# 14' squeaking from d/s front wheel



## Robby (Mar 1, 2013)

Aluminum wheels or wheel covers? You omitted what model it is.

If it has wheel covers, remove the fronts and report back.

Rob


----------



## gbmlt14 (Aug 28, 2014)

Whoops, 1.4l 2lt r/s. Steel rims w/ wheel covers.


I drove around with the wheel covers on and it didn't start making noise right away, and when it did I pulled them off and gone. What the heck?

Last night I was driving really really slow beside a wall to hear when it was making the sound and it seemed like once every tire rotation it would make the sound. 




 Sent via my frozen iPhone in Canada


----------



## Robby (Mar 1, 2013)

gbmlt14 said:


> Whoops, 1.4l 2lt r/s.

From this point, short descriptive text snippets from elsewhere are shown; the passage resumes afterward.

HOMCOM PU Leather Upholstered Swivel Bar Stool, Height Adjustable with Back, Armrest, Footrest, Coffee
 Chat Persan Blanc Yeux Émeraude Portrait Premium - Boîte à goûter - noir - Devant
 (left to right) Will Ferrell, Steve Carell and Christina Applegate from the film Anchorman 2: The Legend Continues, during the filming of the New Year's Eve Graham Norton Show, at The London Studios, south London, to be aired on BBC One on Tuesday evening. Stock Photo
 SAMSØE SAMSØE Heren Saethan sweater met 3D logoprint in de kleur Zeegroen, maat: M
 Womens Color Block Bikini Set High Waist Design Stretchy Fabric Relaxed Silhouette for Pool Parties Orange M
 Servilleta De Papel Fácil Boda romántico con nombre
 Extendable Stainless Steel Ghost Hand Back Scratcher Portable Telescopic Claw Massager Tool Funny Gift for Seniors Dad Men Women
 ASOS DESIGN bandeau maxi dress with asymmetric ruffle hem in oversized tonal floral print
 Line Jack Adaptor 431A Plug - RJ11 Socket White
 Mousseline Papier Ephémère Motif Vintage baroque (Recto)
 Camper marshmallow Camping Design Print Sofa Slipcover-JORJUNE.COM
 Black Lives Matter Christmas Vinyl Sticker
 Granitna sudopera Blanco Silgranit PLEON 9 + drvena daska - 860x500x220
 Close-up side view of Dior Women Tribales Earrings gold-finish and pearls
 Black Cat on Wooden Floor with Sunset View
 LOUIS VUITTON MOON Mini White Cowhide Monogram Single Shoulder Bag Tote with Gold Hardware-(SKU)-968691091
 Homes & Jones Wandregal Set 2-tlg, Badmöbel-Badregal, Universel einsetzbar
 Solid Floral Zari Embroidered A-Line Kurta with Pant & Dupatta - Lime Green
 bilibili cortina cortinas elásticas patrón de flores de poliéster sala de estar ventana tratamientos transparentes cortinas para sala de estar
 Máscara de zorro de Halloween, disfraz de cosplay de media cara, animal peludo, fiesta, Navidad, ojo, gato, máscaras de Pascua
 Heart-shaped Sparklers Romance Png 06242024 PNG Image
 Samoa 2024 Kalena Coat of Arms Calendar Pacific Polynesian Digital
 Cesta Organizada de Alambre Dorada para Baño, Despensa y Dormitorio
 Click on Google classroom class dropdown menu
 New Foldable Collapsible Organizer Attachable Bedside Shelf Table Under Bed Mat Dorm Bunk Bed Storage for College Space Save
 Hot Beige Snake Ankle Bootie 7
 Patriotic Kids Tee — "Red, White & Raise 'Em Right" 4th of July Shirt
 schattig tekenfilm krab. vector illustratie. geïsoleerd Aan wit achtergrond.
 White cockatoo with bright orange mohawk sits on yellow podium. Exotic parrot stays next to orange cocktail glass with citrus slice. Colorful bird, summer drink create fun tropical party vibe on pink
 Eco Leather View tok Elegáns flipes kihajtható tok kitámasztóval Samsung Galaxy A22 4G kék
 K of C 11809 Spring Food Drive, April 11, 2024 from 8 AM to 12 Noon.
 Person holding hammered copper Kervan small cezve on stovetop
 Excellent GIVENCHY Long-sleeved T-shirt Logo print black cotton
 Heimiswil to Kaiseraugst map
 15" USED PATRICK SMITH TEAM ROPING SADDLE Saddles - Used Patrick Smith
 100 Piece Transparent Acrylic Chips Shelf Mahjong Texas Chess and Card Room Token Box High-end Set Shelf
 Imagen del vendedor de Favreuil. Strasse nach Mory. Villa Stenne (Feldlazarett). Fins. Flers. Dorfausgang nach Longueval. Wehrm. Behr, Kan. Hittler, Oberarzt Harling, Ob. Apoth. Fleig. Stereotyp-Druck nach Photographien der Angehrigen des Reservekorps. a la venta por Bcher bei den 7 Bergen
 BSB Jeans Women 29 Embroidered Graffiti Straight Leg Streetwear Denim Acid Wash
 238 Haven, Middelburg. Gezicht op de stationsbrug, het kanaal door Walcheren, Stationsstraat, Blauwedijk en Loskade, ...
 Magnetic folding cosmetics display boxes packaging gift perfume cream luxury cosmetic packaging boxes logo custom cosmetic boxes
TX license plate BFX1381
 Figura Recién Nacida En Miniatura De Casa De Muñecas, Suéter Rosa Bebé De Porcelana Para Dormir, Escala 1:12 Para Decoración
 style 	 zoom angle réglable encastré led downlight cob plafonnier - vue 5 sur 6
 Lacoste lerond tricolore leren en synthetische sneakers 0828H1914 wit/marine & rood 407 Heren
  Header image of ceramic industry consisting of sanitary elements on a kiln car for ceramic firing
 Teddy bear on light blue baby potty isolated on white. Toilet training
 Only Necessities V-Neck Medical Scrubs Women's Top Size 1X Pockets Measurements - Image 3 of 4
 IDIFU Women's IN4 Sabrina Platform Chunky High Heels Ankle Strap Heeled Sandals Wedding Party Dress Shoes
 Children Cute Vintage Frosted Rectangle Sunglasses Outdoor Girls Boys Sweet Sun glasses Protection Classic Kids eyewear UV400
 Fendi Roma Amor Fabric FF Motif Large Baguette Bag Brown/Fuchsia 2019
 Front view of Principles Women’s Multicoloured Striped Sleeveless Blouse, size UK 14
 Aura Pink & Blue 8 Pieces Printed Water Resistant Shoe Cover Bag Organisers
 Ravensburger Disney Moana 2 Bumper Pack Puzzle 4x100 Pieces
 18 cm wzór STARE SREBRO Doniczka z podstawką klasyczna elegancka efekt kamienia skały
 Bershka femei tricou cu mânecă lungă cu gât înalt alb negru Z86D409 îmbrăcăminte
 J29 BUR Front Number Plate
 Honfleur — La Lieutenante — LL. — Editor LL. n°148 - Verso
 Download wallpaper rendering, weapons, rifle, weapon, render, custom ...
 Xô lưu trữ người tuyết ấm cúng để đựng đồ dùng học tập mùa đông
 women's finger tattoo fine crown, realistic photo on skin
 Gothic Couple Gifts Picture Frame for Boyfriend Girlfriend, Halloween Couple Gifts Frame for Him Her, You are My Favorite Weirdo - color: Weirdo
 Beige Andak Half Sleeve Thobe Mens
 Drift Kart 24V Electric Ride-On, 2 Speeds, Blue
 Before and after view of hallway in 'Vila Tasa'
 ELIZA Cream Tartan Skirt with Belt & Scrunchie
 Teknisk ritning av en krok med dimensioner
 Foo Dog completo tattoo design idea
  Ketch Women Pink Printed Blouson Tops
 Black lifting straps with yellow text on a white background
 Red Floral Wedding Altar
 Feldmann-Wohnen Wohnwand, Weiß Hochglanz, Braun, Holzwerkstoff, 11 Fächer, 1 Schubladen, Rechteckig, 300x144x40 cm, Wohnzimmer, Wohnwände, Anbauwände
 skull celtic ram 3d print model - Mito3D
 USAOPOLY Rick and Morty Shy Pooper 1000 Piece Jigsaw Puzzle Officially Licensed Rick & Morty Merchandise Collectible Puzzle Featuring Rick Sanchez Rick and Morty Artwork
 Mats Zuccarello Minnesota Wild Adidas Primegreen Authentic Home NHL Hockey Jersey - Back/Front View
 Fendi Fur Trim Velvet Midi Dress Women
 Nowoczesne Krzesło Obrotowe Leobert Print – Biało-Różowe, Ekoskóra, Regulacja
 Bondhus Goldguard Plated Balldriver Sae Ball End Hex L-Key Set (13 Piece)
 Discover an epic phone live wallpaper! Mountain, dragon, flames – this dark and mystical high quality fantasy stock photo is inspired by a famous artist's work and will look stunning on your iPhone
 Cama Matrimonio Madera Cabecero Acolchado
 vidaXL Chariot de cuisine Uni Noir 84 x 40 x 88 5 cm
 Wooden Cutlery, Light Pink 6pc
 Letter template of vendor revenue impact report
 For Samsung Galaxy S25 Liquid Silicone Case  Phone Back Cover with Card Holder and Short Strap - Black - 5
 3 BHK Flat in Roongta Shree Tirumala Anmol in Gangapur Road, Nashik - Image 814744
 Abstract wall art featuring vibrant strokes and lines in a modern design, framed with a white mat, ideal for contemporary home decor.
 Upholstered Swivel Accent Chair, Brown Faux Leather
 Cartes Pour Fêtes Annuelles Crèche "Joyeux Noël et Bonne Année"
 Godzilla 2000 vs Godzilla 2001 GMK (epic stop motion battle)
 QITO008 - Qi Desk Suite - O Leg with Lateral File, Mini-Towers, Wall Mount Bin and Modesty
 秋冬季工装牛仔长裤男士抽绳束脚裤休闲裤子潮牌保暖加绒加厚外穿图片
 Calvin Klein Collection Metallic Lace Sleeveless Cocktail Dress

Steel rims w/ wheel covers.
> 
> 
> I drove around with the wheel covers on and it didn't start making noise right away, and when it did I pulled them off and gone. What the heck?
> ...


Strange as it sounds, rims flex a few ten thousanths while in motion and exagerate a bit on turns.

Take a bit of silicone grease and put it along the lip of the wheel cover where it meets the rim.....that'll quiet things down.

Rob


----------



## gbmlt14 (Aug 28, 2014)

It kinda makes sense. I'm going to return them and get my money back. 

Thanks, I never would've thought of that. 


 Sent via my frozen iPhone in Canada


----------